As I have found, it is clear that a determination has been made that
the property is zoned as 'agricultural.'
[29]
I am therefore in
agreement with the Respondent that failing a challenge to this
determination of the property, that the Applicant's
relief in terms
of a declaratory order must fail.
Zoning
Certificates
[33]
The
final relief
claimed
by
the
Applicant
is
the declaration
that
the
zoning certificates
have no legal status; are not determinative of Applicant's rights; do
not constitute a certification of the
zoning applicable to the
property; and do not bind the Applicant.
(iii)
2011 -
2015
[34]
In
the founding affidavit, the Applicant makes two contentions.
It
states that on or about 11 December 2018, the Directorate:
Planning
and Economic Development of the Respondent generated or issued a
document bearing the heading 'Zoning Certificate' purportedly
in
respect of the property. In the document, the Applicant contends that
the primary use of the property is indicated to be 'agricultural'

with no reference to the fact that the Applicant
is
entitled to, and in fact utilises the property for residential
purposes.
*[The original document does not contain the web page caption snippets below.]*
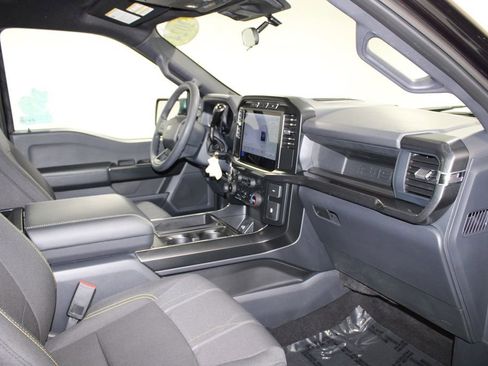 Used 2024 Ford F150 STX image 29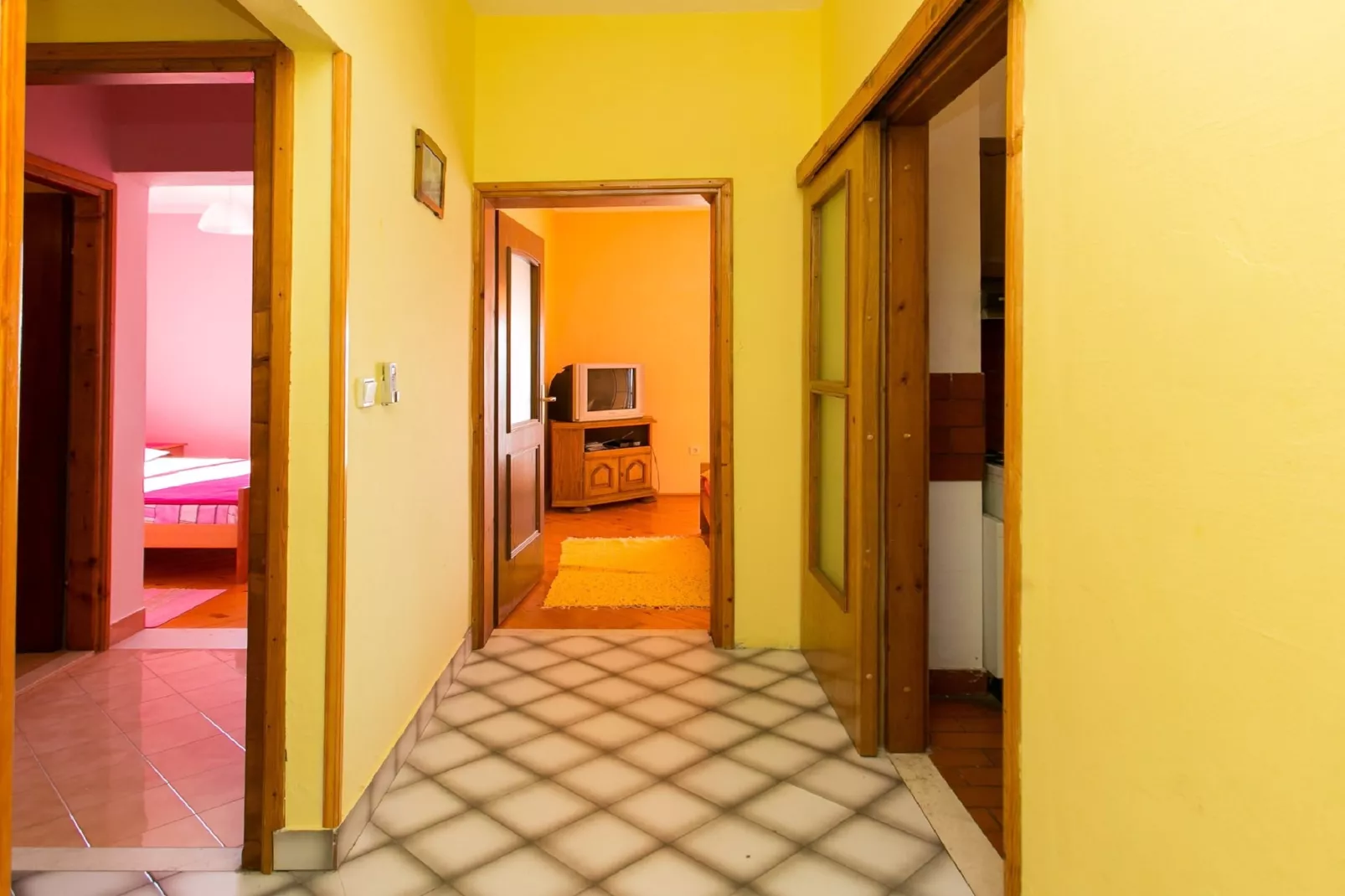 Apartments Neve - Two-Bedroom Apartment with Balcony and Sea View-Binnen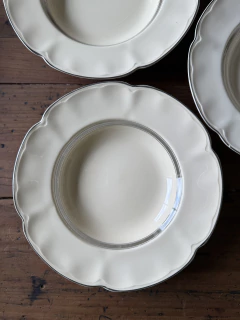 Plato hondo Johnson Bros Victorian. 23 cm.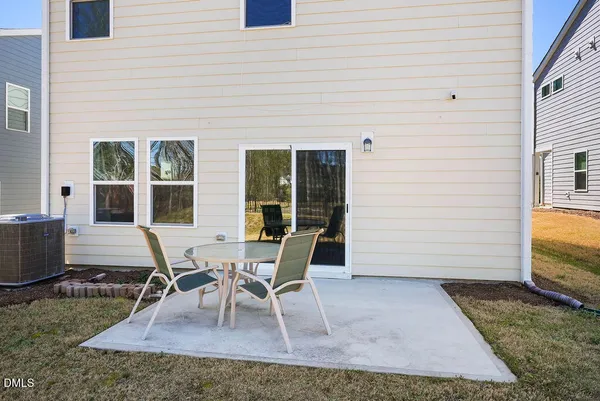 $2,150 | 319 Joneshaven Drive, Fuquay-Varina, NC 27526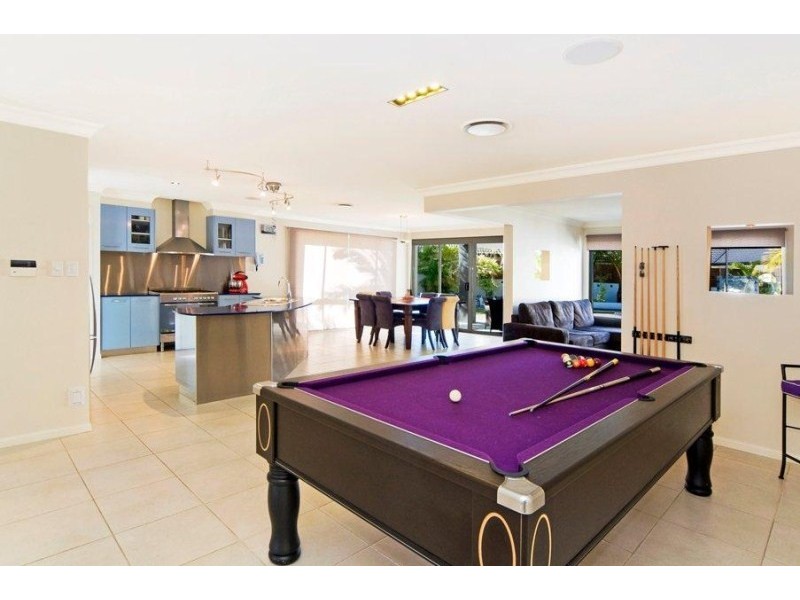 19 Waterside Esplanade, Monterey Keys QLD 4212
A second letter was similarly produced on 9 April 2019
indicating
the primary use as Agriculture, with consent use for various land
uses allowed
[10]
with the
consent of the Council.
[35]
On the Applicant's
version alone on this aspect, it is quite apparent that approval was
sought and granted for the departure of
the initial restriction that
'no store
or other business or industry whatsoever may be conducted or opened
without the written approval of the controlling authority',
since
the
various land use
listed now includes the operation of a farm stall and farm store,
service trade and tourist facilities.
[36]
The Respondent
states that in 2011,
the Salvation Army approached the Respondent and sought confirmation
of the zoning of the property. On 7 October
2011, the Respondent
issued the zoning certificate to remain agricultural, confirming the
1991 position. This decision was not
challenged by the Salvation
Army. The Salvation Army again approached the Respondent during 2015.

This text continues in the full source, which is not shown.